Ces instruments reposent sur l'idée qu'il est possible de créer une forme de dette dont la charge de remboursement varie en fonction des moyens de l'emprunteur. Par exemple, si un pays qui dépend des exportations de produits agricoles est confronté à des conditions météorologiques qui réduisent considérablement la production du secteur, sa capacité à assurer le service de sa dette sera gravement compromise. En revanche, avec un IDCE, ses obligations en matière de service de la dette seraient modifiées en fonction d'une formule spécifiée dans l'instrument de dette afin de tenir compte des conditions climatiques.

Si elle est bien exécutée, cette approche réduira fortement le risque de restructuration ou de rééchelonnement de la dette en cas de manque à gagner. De manière cruciale, les IDCE offrent également des rendements supplémentaires aux investisseurs si les résultats sont plus favorables que prévu. Ils peuvent donc constituer un instrument intéressant à la fois pour les prêteurs et les débiteurs, à utiliser dans les situations où la capacité de paiement du débiteur peut être fortement influencée par des facteurs exogènes qui peuvent être mesurés de manière fiable mais ne peuvent être prévus sans une marge d'erreur significative. 

Un type d'IDCE, connu sous le nom d'instruments de recouvrement de la valeur (IRV), a déjà été utilisé par un certain nombre d'emprunteurs souverains, dont la Grèce, le Mexique, le Suriname et la Zambie. Mais pour que les IDCE, et en particulier les IRV, puissent réaliser leur potentiel, leur intégrité, leur efficacité et leur commercialisation doivent être améliorées.

Le rapport du groupe de travail sur la dette souveraine propose des suggestions pour y parvenir. Par exemple, il montre que les « événements déclencheurs » et les formules utilisées pour ajuster les paiements du service de la dette doivent être définis clairement et qu'ils doivent refléter avec précision les changements dans la capacité de paiement du débiteur. Cela signifie qu'il faut saisir et mesurer efficacement les flux de trésorerie qui seront directement disponibles pour l'État au moment où la dette arrivera à échéance.

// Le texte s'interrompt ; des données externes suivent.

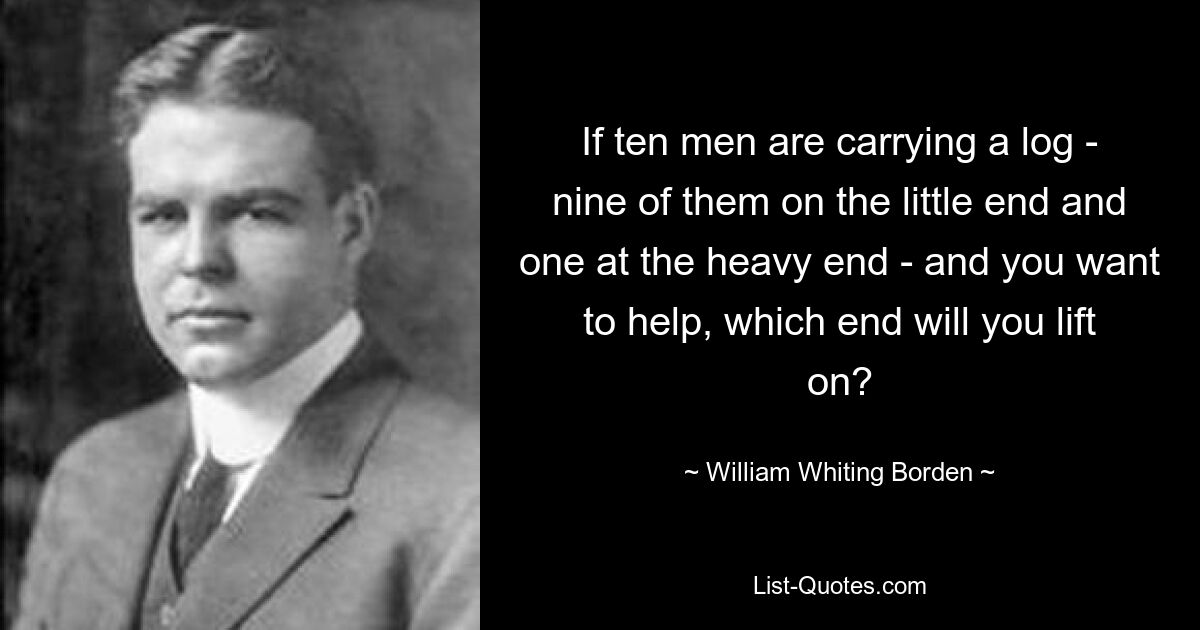 If ten men are carrying a log - nine of them on the little end and one at the heavy end - and you want to help, which end will you lift on? — © William Whiting Borden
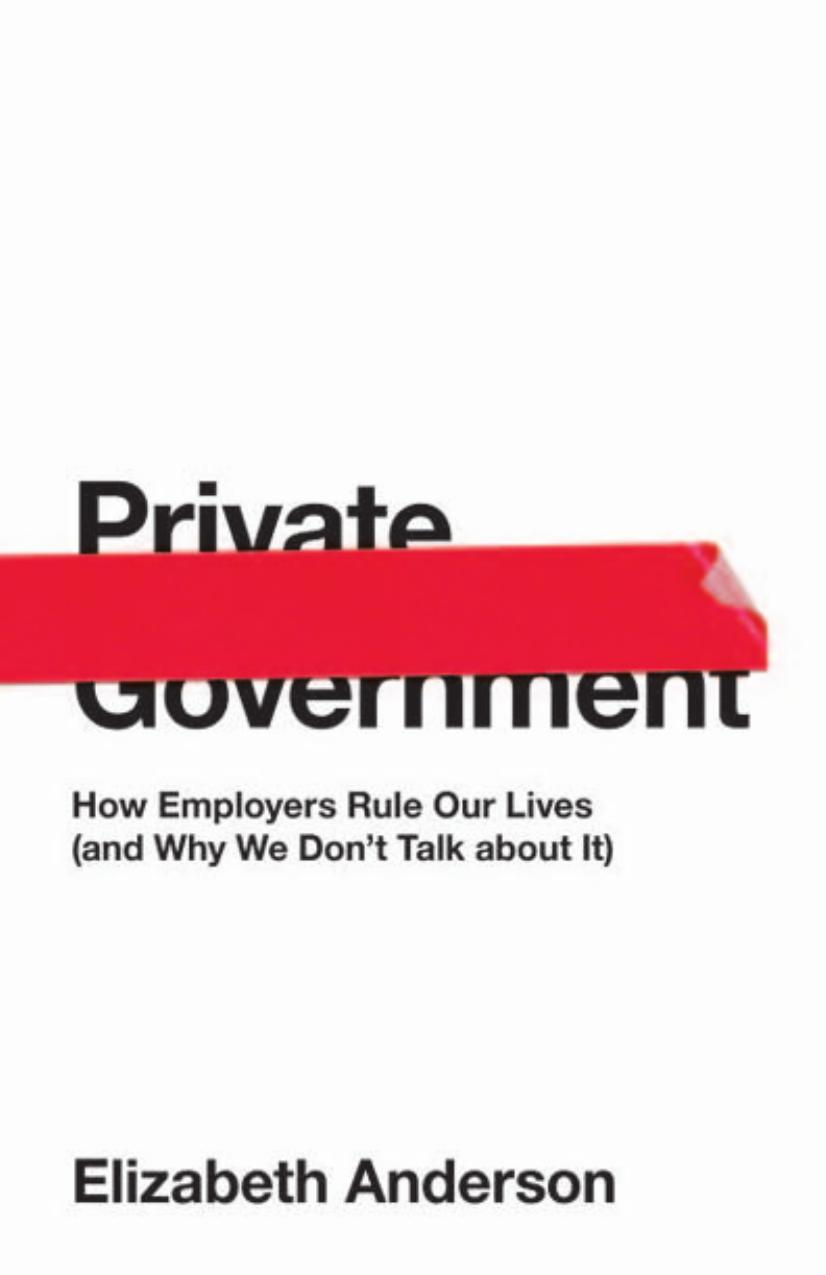 Private Government How Employers Rule Our Lives And Why We Dont Talk About It Elizabeth Anderson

En outre, les formules de paiement doivent préserver les incitations positives pour les débiteurs, réduisant ainsi le risque d'aléa moral. Afin de maximiser le potentiel de hausse des IRV, ceux-ci doivent être intégrés dans des obligations à revenu fixe sous-jacentes, de sorte que l'instrument combiné soit plus liquide et plus susceptible d'être inclus dans des indices obligataires. La documentation doit être normalisée afin de réduire les coûts et les risques. La normalisation favoriserait l'acceptation des IDCE par le grand public, tout comme elle l'a fait pour les clauses d'action collective dans les contrats obligataires.

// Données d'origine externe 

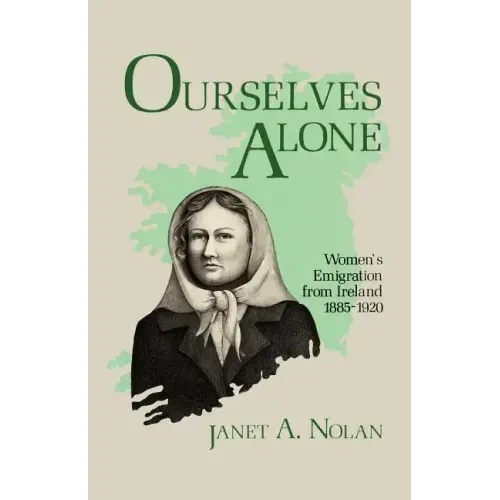 Ourselves Alone: Women's Emigration from Ireland, 1885-1920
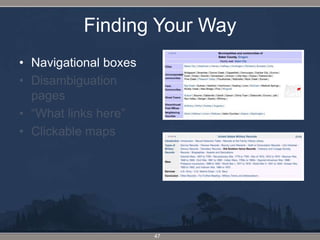 Finding Your WayNavigational boxesDisambiguation pages“What links here”Clickable maps47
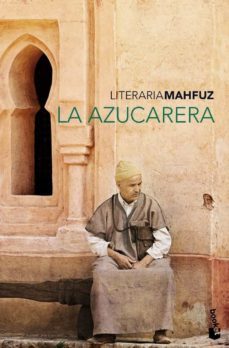 la azucarera (trilogia el cairo)-naguib mahfuz-9788427035478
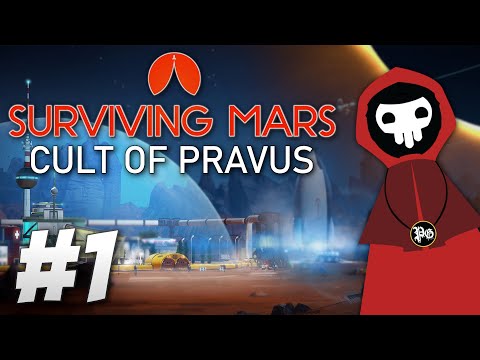 I Sent my Cult to MARS!! - Surviving Mars: Cult of Pravus (Part 1)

Bien entendu, même avec une conception améliorée, les IDCE ne sont pas une panacée. S'ils peuvent contribuer à attirer davantage d'investissements privés dans les efforts déployés pour relever les défis mondiaux, d'autres solutions – en particulier des innovations financières – seront nécessaires. Le développement d'un plus grand nombre de formats financiers potentiellement utiles devrait être une priorité urgente.

William R. Rhodes, coprésident du groupe de travail sur la dette souveraine du Comité de Bretton Woods, est un ancien président-directeur général de la Citibank. John Lipsky, coprésident du Groupe de travail sur la dette souveraine du Comité de Bretton Woods, est un ancien premier directeur général adjoint du Fonds monétaire international.